→ WHAT IS BEING ASKED
Could you set down the records below exactly as they are, with no pictures?

→ RECORDS TO PROCESS
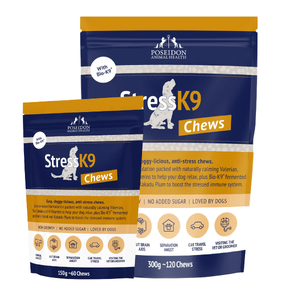 Poseidon StressK9 Chews stressk9,stress k9,stress k-9,poseidon stress chews,dog calming chews,dog anxiety chews,calm dog supplement,dog mood support,dog stress treat,canine anxiety relief,dog stress relief,dog behavior supplement,dog gut brain,stress dog chews,calming treats for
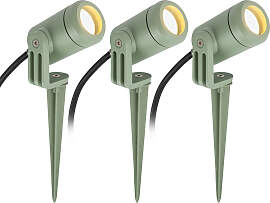 3x Mini LED Spike Gartenspot Grün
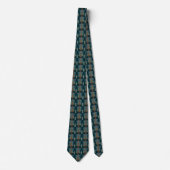 Blue Orange Green Ethnic Oriental Pattern Necktie Krawatte (Vorderseite)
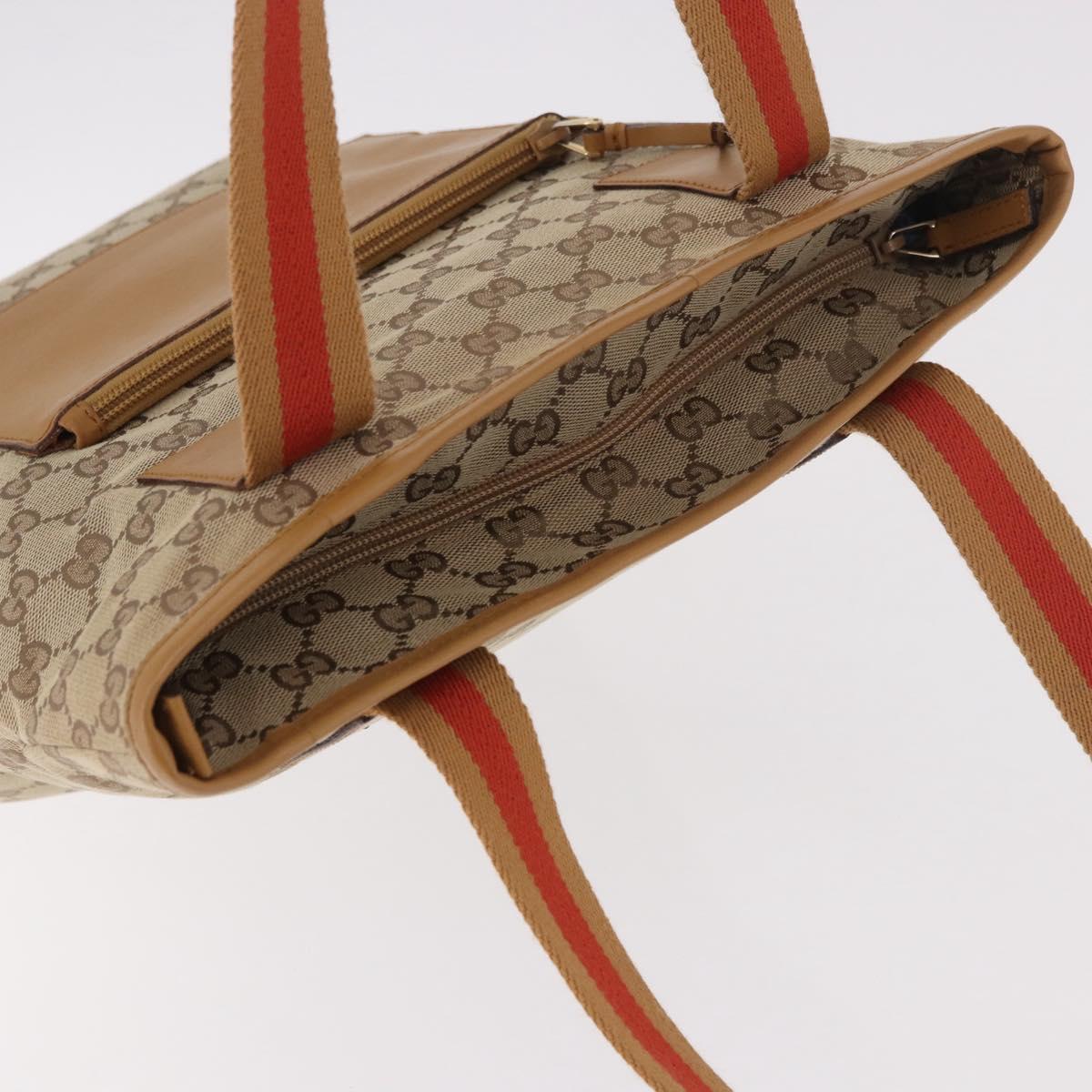 GUCCI GG Canvas Sherry Line Tote Bag Beige Red 019 0401 Auth 187732A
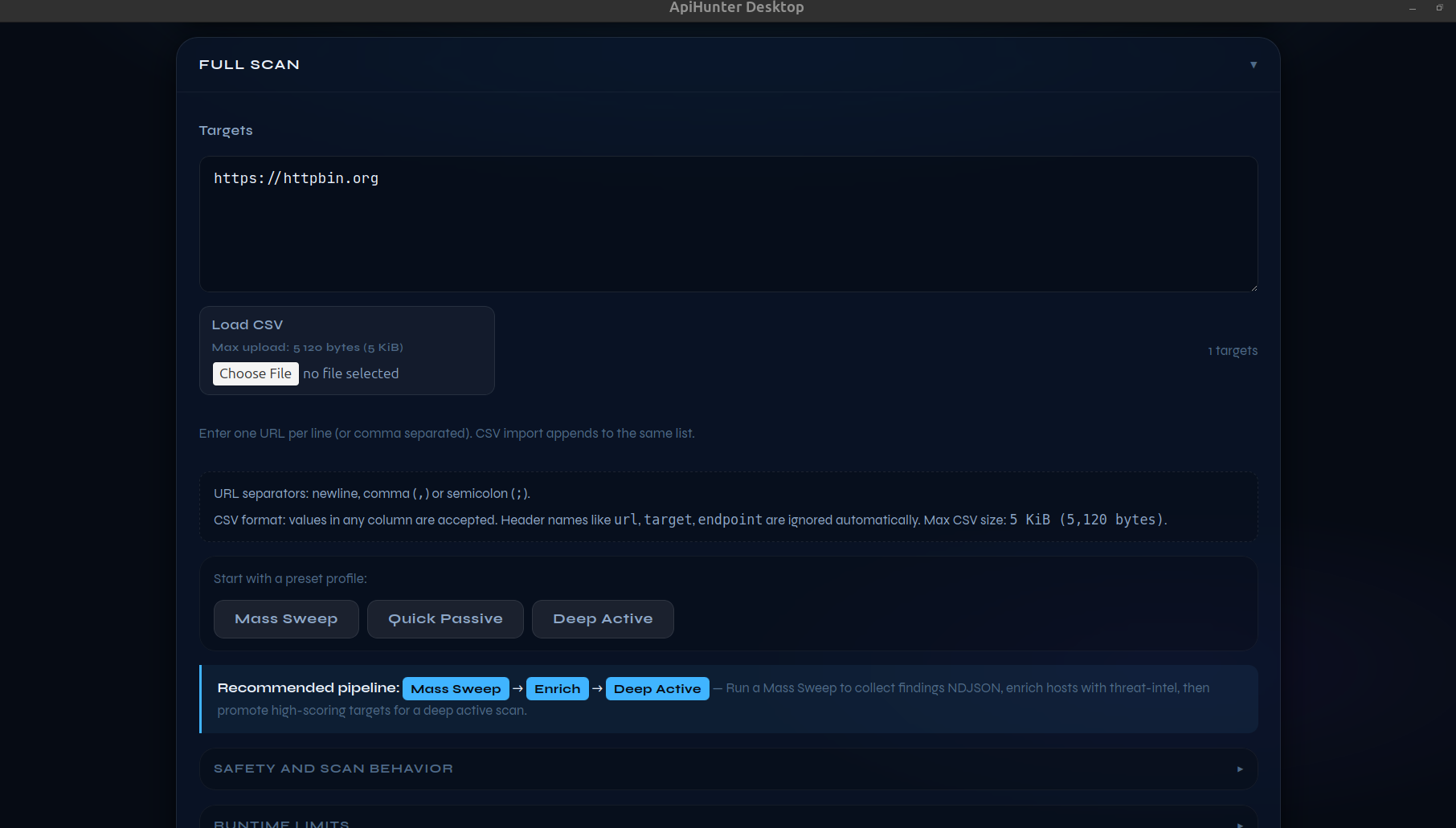 ApiHunter Desktop — Full Scan controls: Quick Passive / Deep Active presets, collapsible Safety, Runtime Limits, and Scanner Toggles sections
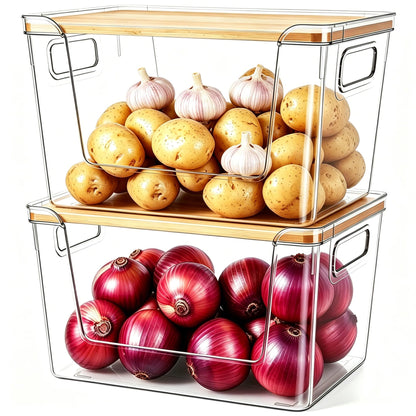 Hiziwimi 2 Sets Pantry Organizers and Storage, with Lids, for Produce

→ ANSWER FOR THIS EXERCISE
 Poseidon StressK9 Chews stressk9,stress k9,stress k-9,poseidon stress chews,dog calming chews,dog anxiety chews,calm dog supplement,dog mood support,dog stress treat,canine anxiety relief,dog stress relief,dog behavior supplement,dog gut brain,stress dog chews,calming treats for
 3x Mini LED Spike Gartenspot Grün
 Blue Orange Green Ethnic Oriental Pattern Necktie Krawatte (Vorderseite)
 GUCCI GG Canvas Sherry Line Tote Bag Beige Red 019 0401 Auth 187732A
 ApiHunter Desktop — Full Scan controls: Quick Passive / Deep Active presets, collapsible Safety, Runtime Limits, and Scanner Toggles sections
 Hiziwimi 2 Sets Pantry Organizers and Storage, with Lids, for Produce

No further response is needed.